Twenty years ago, Nikita Khrushchev, a nonperson living under virtual house arrest in a dacha outside Moscow, created an international sensation when the first volume of his memoirs was published by Little, Brown & Co. The Soviet authorities denounced Khrushchev Remembers as a CIA hoax. A number of Western experts suspected the KGB. In 1974, after Khrushchev's death, a second volume was published. By then the controversy had died down, but curiosity lingered about the author's motivation and method.
This month Little, Brown will publish Khrushchev on Khrushchev, by Nikita's son Sergei, 55, an engineer in Moscow. This intimate portrait shows the deposed leader in his last years watching with dismay as his reforms are overturned. Now his son offers the most detailed and authoritative account to date of how the "special pensioner" was able to conduct his own defiant experiment in glasnost -- and why he had decided to brave the anger of his former comrades.
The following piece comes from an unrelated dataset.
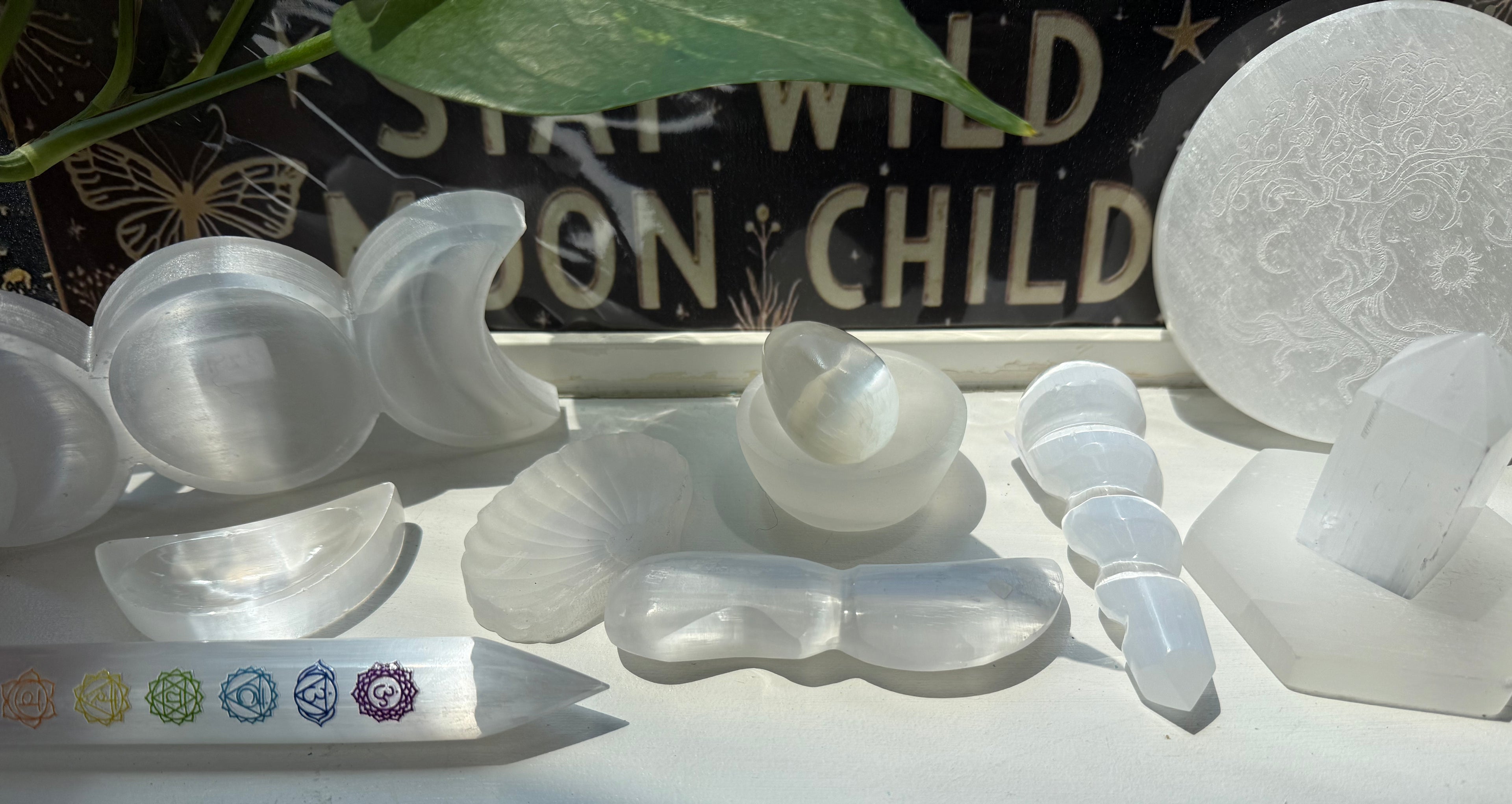 Selenite — The Stone of Purification & Divine Clarity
Father was used to being needed by everyone, to being constantly involved. Suddenly, the Great Cause had disappeared, and everything came crashing down. A man in this situation is like an ant when some malicious hand suddenly puts an insurmountable twig in its path. Suddenly, this businesslike, industrious creature begins to rush aimlessly in all directions. It's hard enough to start a new life when you're young and the years stretch endlessly before you. It's a hundred times harder when the sun is setting on your old age. Just yesterday Father had been making decisions as to what proposals to put before the United Nations, whether to reduce the armed forces, whether to build hydroelectric stations. And today? Whether to go for a walk or watch television.
All the telephones fell silent. In the midst of a conversation, Father's energy subsided, and the light in his eyes went out. "No one needs me now. What am I going to do without work?" he said to no one in particular. "I've got to learn how to kill time," he would often say. He would mechanically leaf through books from his extensive library, lay them aside and set off on interminable walks.
As always, Mama saw to it that everyone was fed, made sure that Father wore a clean white shirt, put everything in its proper place -- all with a warm, ; ready smile on her round face. She acted as if no catastrophe had occurred: the Central Committee had simply made another decision, in this case involving the dismissal of her husband, and she accepted it as she had accepted so many others. After all, she wasn't just his wife but a party member, and democratic centralism's dictates about subordination from top to bottom had become second nature to her. Once decisions were made, they had to be carried out unconditionally. Even to discuss them was fractious activity, sedition, just a step away from a political "deviation."